The scale of the event and booths were so impressive I could become a game otaku myself. You could try every new game and technology there was on display. One of the largest booths was the Star Wars online game that recreates the story of the movie and allows for up to 40 people to play in two teams against each other. The sight was more like an official gaming competition than an exhibition.


The photo above probably doesn’t give the magnificence enough justice but it’s the best I could get. Twitch was also giving out free T-shirts if you win in a coin toss game. I lost it the first time and wanted to try again but didn’t have the time to do so after that.

There were also several live gaming from Biohazard (or “Resident Evil” in the US)  to Clash of Clans; from Love Live rhythm game to Street Fighter. It was interesting to watch a couple of good players up against each other in the classic series in renewed versions, I didn’t even recognise some of the characters.


I mean like who is Rashid? Anyhow, the guy on the left plays Rashid and the lady on the right plays Chun-Li. Guess who won?


Tada! This lady won! And it appears that she’s known as a strong player. On a separate note, the Chun-Li to the right is a guy.


Ayaman Japan was also there doing their usual stuff of dirty jokes. Unfortunately, while their fame did draw the small crowd to watch them, their vulgar comedy didn’t sit too well and drew cold response.


There were also many non-machine games such as this where participants get into a bubble and stand on a block on one foot. The two girls at the top then each roll a giant ball down toward the participants and if they remain standing on the block after being hit, they win a prize. No idea what the prize is though.

And the highlight of the event is…


Hot girls! See the girl at the bottom right? I shall leave the link to the larger resolution version so you can zoom in and see her. Being a blogger, I should probably have taken close-up shots of all the girls for you to see.

No! The highlight was virtual reality.


This is the Sony VR headset and besides this, there were also several other companies exhibiting their VR technology. Ghost in the Shell was one of those which seemed really impressive and which I heard had several rave reviews. Needless to say, the graphics were so amazing, it’s hard to imagine these when I first had my hands on the very first version of the Super Mario Bros.

The most surprising thing was, I didn’t know The Elder Scrolls was by The company is probably more well-known for adult videos and has been expanding their business by dabbling in English language lessons, stock exchange, and games, so it gave an impression that it’s not putting much effort into these projects. That, apparently, is not true as The Elder Scrolls seems to be a high-quality game that is doing very well.

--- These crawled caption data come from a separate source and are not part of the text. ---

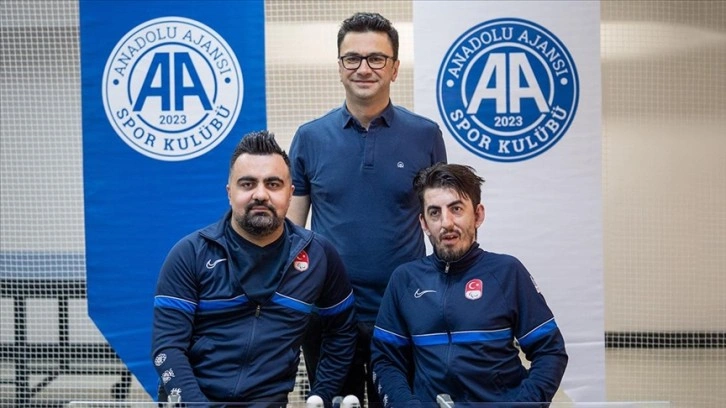 Milli sporcular Abdullah Öztürk ve Nesim Turan, Anadolu Ajansı Spor Kulübünü ziyaret etti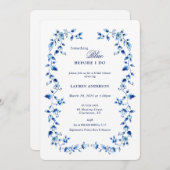 Delft etwas Blau, bevor ich Brautparty Einladung (Vorne/Hinten)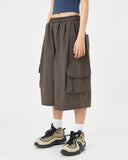 Kant cargo nylon capri pants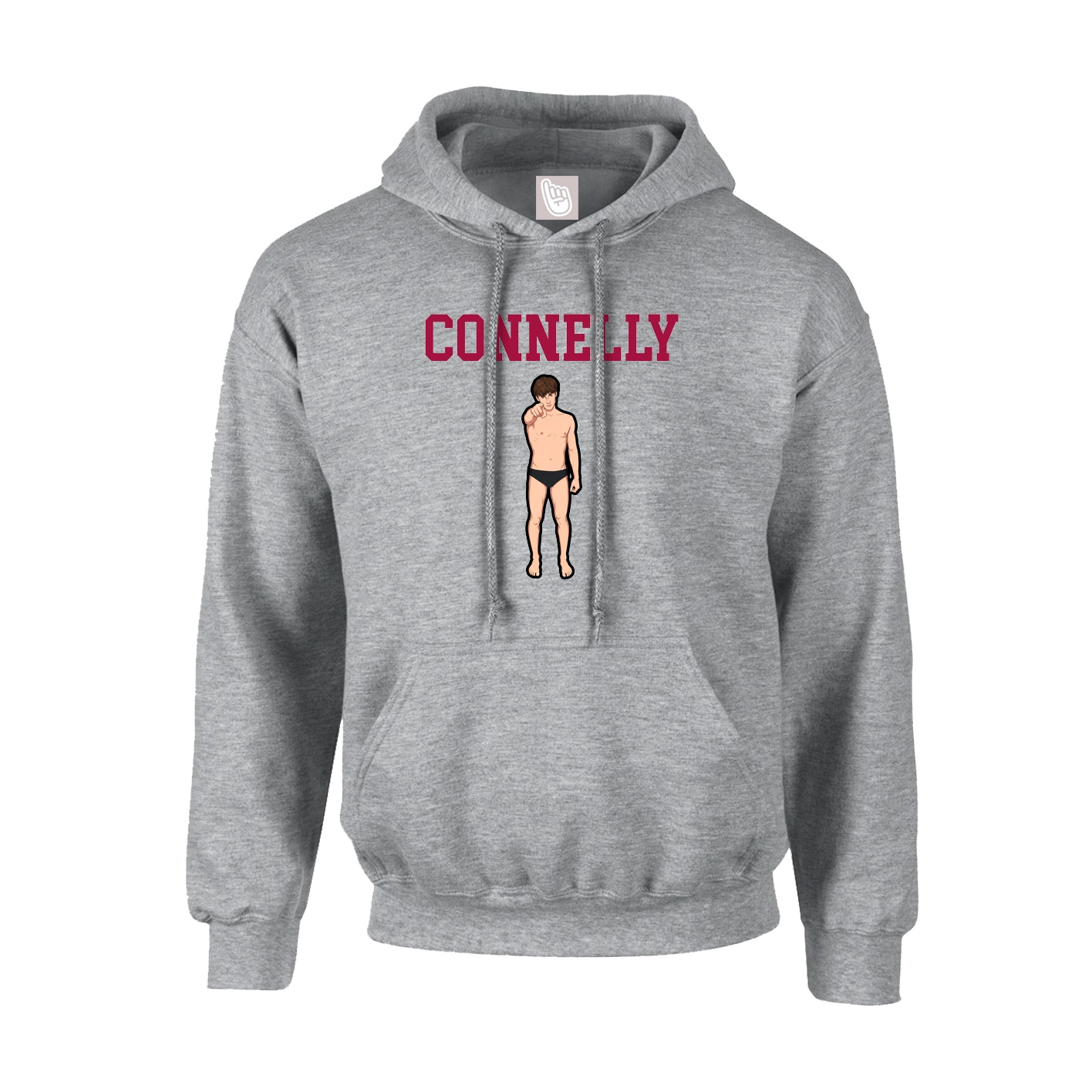 Youth Hoodie — Shirsey in Grey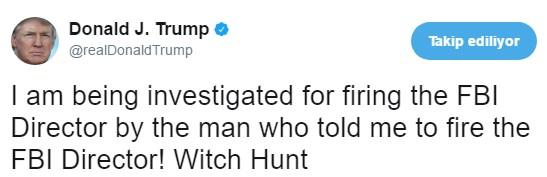 Trump soruşturma altında olduğunu doğruladı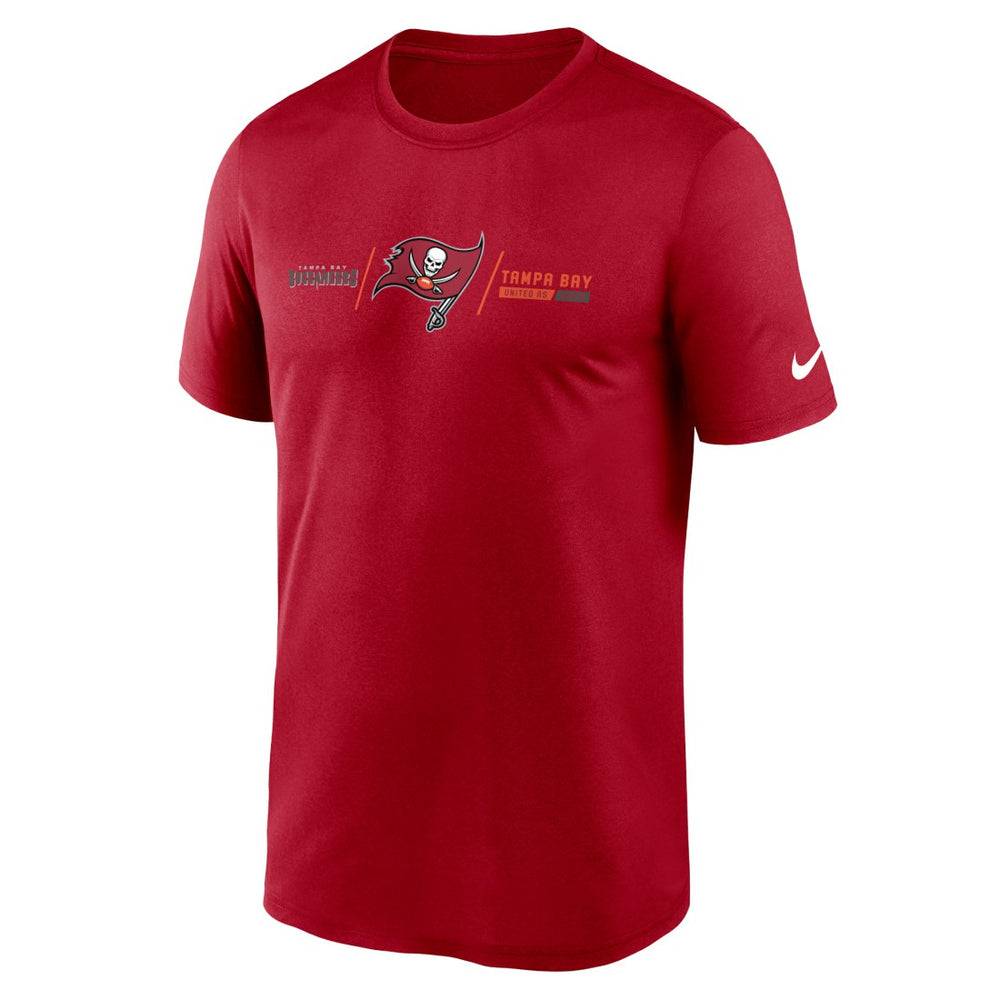 Nike Tampa Bay Buccaneers Horizontal Lockup Legend Performance T-Shirt Red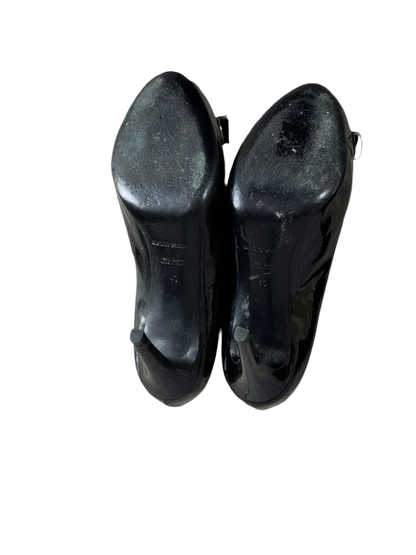 Emporio Armani black glossy ladies shoes, size 40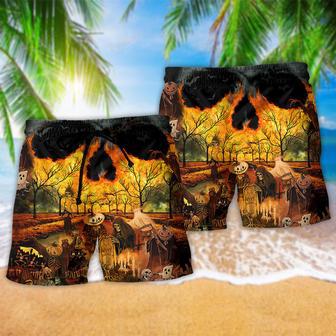 Halloween Party Colorful Beach Short | Newhawaiianshirts AU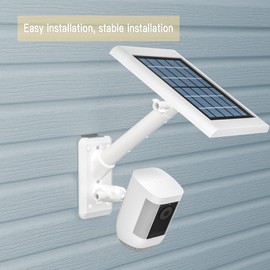 HOLACA 2-in-1 Vinyl Siding Clips for Ring Solar Panel, Spotlight Cam Pro/Plus and Stick Up Cam Battery/Wired Hanger Hooks Siding Mount for Ring Super Solar Panel (White)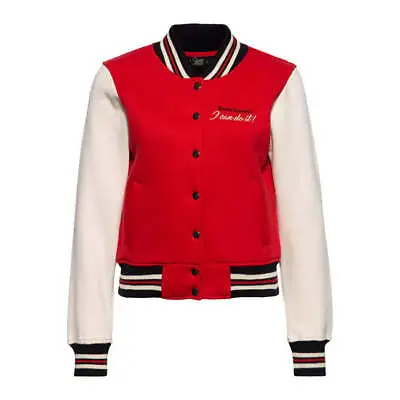Buy King Kerosin Queen Kerosin Motor Queen College Sweat Ladies Jacket Red / White • 67.49£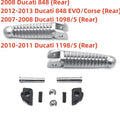 Motorcycle Rear FootPeg Bracket for Ducati Passenger Panigale V4/S 2018-2020 1098/S 1198/S 848 EVO/Corse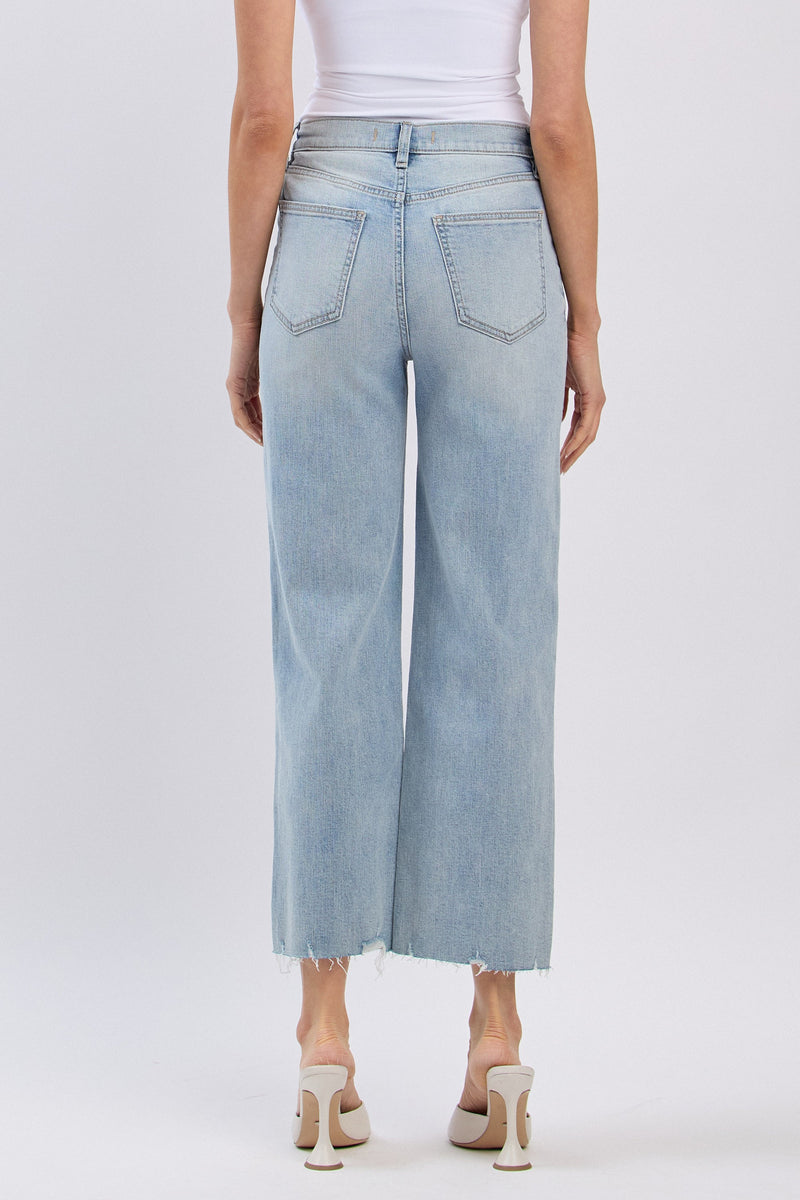 Dawn Super High Rise Crop Jeans, High Tolerance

This is also the first time that foreign exhibits outnumber local exhibits. The news noted that games used to cost between $200,000 to $1 million to produce but while overseas gaming companies are taking high risks spending on graphics at an upwards of a whooping $200 million per game, Japanese companies are more risk-averse, holding back in a hope of gunning for another simpler Mario-like classic hit that can last generations and generations with simple version alternations. It’s hard to say which would be a better bet, but for hardcore gamers, the graphic-intensive games might do better. Nevertheless, the number of casual gamers is not to be taken lightly, and these groups are typically less concerned about the graphics.

At the end of the day, an impressive graphic is not going to draw gamers. A good game is.